MySQL and kernel have been upgraded too.

Change 429816 merged by Marostegui:
[operations/puppet@production] db2081: Reenable notifications

https://gerrit.wikimedia.org/r/429816

I am leaving a check ongoing on wikidatawiki on some codfw hosts to proof no data was lost.

The check detected some difference, but they could be false positives, checking again.

The check detected some difference, but they could be false positives, checking again.

Was it a false positive in the end?

Marostegui lowered the priority of this task from High to Medium.May 4 2018, 8:29 AM

Yes, no differences were assured on a second run. I will repool the server now.
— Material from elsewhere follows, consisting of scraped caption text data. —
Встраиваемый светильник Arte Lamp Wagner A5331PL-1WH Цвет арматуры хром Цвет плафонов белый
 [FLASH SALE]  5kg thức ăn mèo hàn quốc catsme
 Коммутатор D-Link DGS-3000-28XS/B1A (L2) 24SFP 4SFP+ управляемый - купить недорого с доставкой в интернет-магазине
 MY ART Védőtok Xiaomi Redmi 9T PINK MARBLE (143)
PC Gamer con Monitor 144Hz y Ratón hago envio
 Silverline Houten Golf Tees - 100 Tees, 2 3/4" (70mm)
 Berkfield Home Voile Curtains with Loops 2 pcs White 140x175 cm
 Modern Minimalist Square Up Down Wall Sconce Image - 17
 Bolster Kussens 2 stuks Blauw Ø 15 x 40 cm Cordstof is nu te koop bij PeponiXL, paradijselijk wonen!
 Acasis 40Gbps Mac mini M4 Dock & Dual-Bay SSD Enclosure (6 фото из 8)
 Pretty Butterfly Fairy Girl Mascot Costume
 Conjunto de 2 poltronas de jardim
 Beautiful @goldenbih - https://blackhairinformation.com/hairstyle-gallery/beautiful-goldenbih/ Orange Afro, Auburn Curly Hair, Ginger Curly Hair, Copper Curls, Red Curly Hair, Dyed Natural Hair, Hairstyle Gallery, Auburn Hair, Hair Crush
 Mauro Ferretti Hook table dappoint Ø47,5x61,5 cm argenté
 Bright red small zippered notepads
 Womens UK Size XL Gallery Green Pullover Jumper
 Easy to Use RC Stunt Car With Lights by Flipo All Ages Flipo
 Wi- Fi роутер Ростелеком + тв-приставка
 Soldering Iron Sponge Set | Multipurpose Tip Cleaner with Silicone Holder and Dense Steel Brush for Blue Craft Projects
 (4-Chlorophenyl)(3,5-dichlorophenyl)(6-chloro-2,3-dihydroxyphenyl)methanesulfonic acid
Change 430894 had a related patch set uploaded (by Jcrespo; owner: Jcrespo):
[operations/mediawiki-config@master] mariadb: Repool db2081 after crash & check

https://gerrit.wikimedia.org/r/430894

Change 430894 merged by jenkins-bot:
[operations/mediawiki-config@master] mariadb: Repool db2081 after crash & check

https://gerrit.wikimedia.org/r/430894

Vvjjkkii renamed this task from db2081 crashed/rebooted, probably due to hardware failure to 60daaaaaaa.Jul 1 2018, 1:13 AM
Vvjjkkii reopened this task as Open.
Vvjjkkii removed Marostegui as the assignee of this task.
Vvjjkkii raised the priority of this task from Medium to High.
Vvjjkkii updated the task description. (Show Details)
Vvjjkkii removed subscribers: gerritbot, Aklapper.
Marostegui renamed this task from 60daaaaaaa to db2081 crashed/rebooted, probably due to hardware failure.Jul 1 2018, 7:29 AM
Marostegui closed this task as Resolved.
Marostegui claimed this task.
Marostegui lowered the priority of this task from High to Medium.
Marostegui updated the task description. (Show Details)
Marostegui added subscribers: Aklapper, GerritBot.